Working with students who want to pursue multiple programs

Increasingly, students are enrolling in multiple programs. Here is a "quick reference sheet" on the rules and regs.

How enrolled students in good standing request to add a program

  • Certificate or Licensure program: Use the Change Program form (PDF, 123 KB). Remember that students CANNOT earn a certificate and a major in the same exact field. (Addictions Counseling and Clinical Mental Health Counseling is OK; Gerontology and Gerontology is not.)
  • Concentration: Request it on the POS (PDF, 101 KB) or Customize Graduate Program  form (PDF, 122 KB).
  • Major (same degree or different degree): Use the Change Program form (PDF, 123 KB).
  • Minor: Request it on the POS (PDF, 101 KB) or Customize Graduate Program form (PDF, 122 KB). Remember that a minor can ONLY be attached to a major (not a certificate) from a DIFFERENT department.

When students submit the Change Program form (PDF, 123 KB), the Graduate School will make a copy of the original admission application and send it to the program for review.

All of these actions require program and Graduate School approval, and you do NOT have to agree! Regarding Graduate School approval: If the student is NOT enrolled and/or NOT in good standing we prohibit adding a second program until enrolled and in good standing.
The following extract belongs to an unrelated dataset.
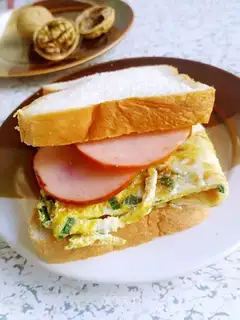 A simple sandwich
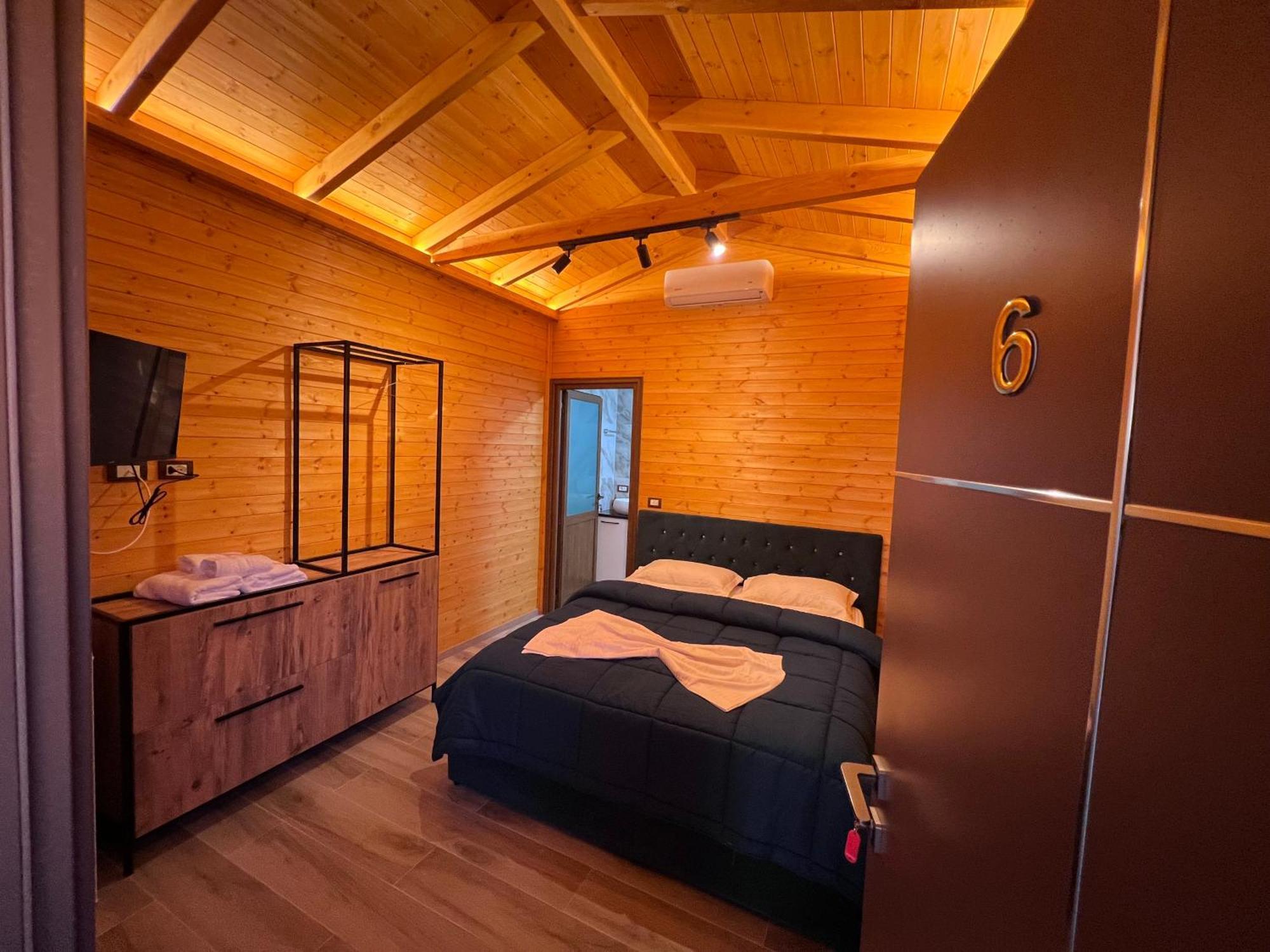 Hotel Megniar Lushnje Экстерьер фото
How much can double count when a student is in multiple programs

  • Two certificates: Any amount can double count, BUT we STRONGLY recommend requiring some coursework unique to each certificate.
  • Certificate+Major: Any amount can double count, BUT we STRONGLY recommend requiring some coursework unique to the certificate.
  • Major+Minor: Any amount can double count, BUT we STRONGLY recommend requiring some coursework unique to the minor.
  • Two majors: Up to 50% of the coursework (calculated using the smaller of the two programs) can double count. However, ALL explicitly required courses for both majors must be taken, i.e., it is UP TO 50%, not a guarantee of 50%. Some majors have little flexibility, and as such it will not be possible to achieve a 50% overlap.

Double majors versus second master's

First a description of the second master's situation:

If a student already has one master's degree (from us or any other accredited school), she can petition the program director to complete another master's degree by taking 30 hours instead of the number of hours usually required (so in many master's programs that would be 30 instead of 36-42 hours).

This must be agreed upon by the program -- and you do NOT have to agree to it at all OR you can agree to a partial waiver instead of all the way down to 30 hours. We have a couple of programs that lead to a professional certification or licensure that deny requests unless the other master's was a very similar program, so it would be reasonable to say no if that is your choice.

If you agree to waive some of the hours in the program, then you would write a memo to the Graduate School for the file indicating how the skills and knowledge in the waived courses were already attained. Typically, a student with a master's has already had a basic research methods course. If the majors are similar, it may be that there are some other basic skill or knowledge courses that could be waived.

Pros and cons to adding a major versus graduating and coming back for a second master's:

  • Adding a major can allow for a more compact program of study, since up to 50% can overlap. BUT the majors in this case must be completed at the same time, and the seven-year clock starts when the first major was begun.
  • Waiting to graduate and then applying for a second major allows the student to have a degree "in hand," which can be helpful in employment and other situations. If the 50% overlap is hard because of the structure of one of the programs, this may be the best approach.